PRESS RELEASE
Washington, D.C. — December 15, 2025 — Environmental Health Sciences (EHS), a science-based nonprofit organization, submitted a detailed set of questions and supporting evidence to the U.S. Senate Committee on Commerce, Science, and Transportation ahead of its Federal Communications Commission (FCC) oversight hearing, urging Senators to confront what it describes as serious failures in transparency, oversight, and enforcement related to wireless radiation, public health and the environment.
In its submission, EHS not only called on Senators to question how the FCC can continue to fast-track cell towers while failing to comply with the 2021 federal court mandate but also called for full transparency related to its cell phone radiation tests that documented radiation levels exceeding FCC radiation limits when tested in body-contact positions, such as in a pocket.
The filing documents evidence obtained through Freedom of Information Act requests showing that the FCC has withheld cell phone radiation test results from the public, the courts, and policymakers. More recently, Theodora Scarato, Director of the Environmental Health Sciences Wireless and EMF Program, states that her Freedom of Information Act requests reveal the FCC has refused to release the results of its radiation testing of the Apple iPhone 12 and lacks a robust cell phone radiation surveillance program, instead relying on what is tantamount to an honor system.
Scarato further raises that no federal health or environmental agency is actively conducting comprehensive oversight of cell tower radiation exposures, that the FCC lacks a national RF measurement and monitoring program, and that the agency relies largely on industry self-certification rather than independent compliance verification.

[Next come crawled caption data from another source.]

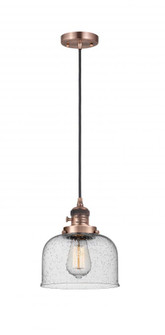 Bell - 1 Light - 8 inch - Antique Copper - Cord hung - Mini Pendant (3442|201CSW-AC-G74-LED)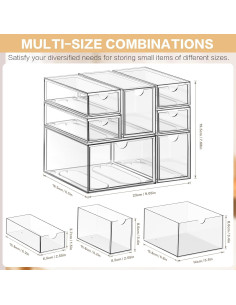 Organizador de Escritorio FODIENS 7 Cajones Acrílico Transparente 2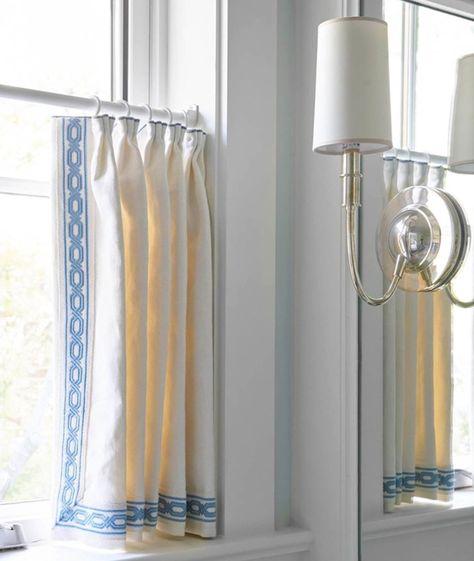 Jenkins Interiors, Curtain Designs For Bedroom, Curtain Trim, White Trellis, Drapery Designs, Custom Drapes, Up House, Cafe Curtains, Window Dressings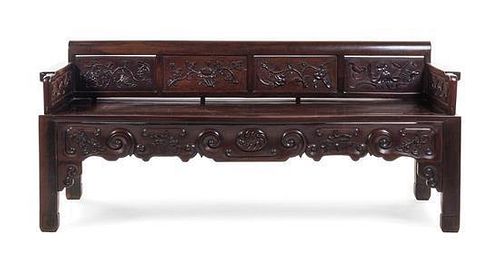 * A Chinese Relief Carved Hardwood Bench Height 31 3/8 x width 71 1/2 x depth 22 3/4 inches.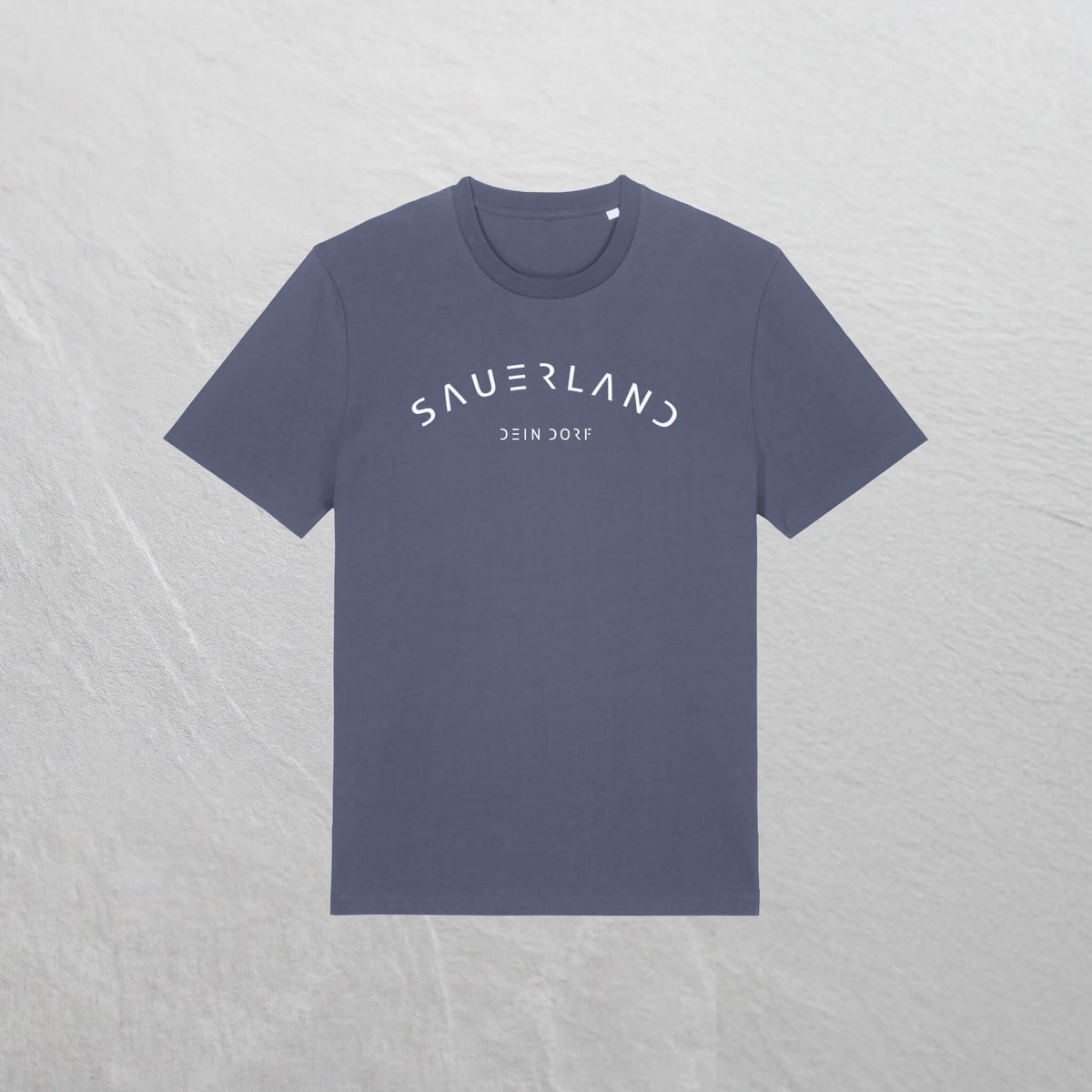 Produktfoto des neuen Sauerland T-Shirt mit Dorfnamen in der Farbe blaugrau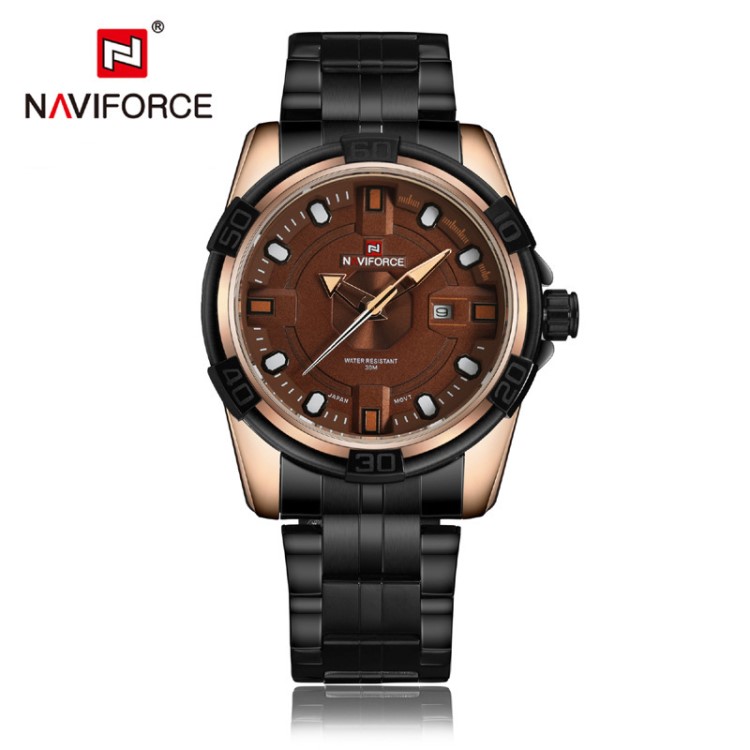 領(lǐng)翔NAVIFORCE9079 新款潮男鋼帶石英手表品牌男士日歷腕表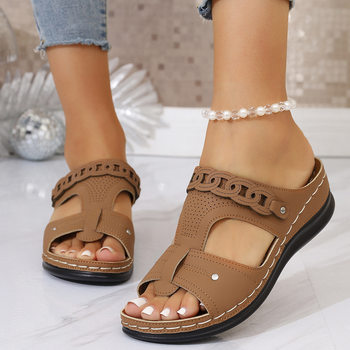 2025 New Summer Export Large Size Women's Thick-Soled Wedge Sandals Rocking Shoes European and American Style Light and Comfortable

The submission warns that the public cannot make informed decisions when safety data are hidden, complaints are ignored, and oversight is minimal, and urges the Senate to press the FCC for clear answers and a concrete plan to align U.S. wireless policy with modern science and transparency standards.
Scarato highlights the hundreds of scientists recommending that public exposure is reduced due to mounting scientific evidence of harm.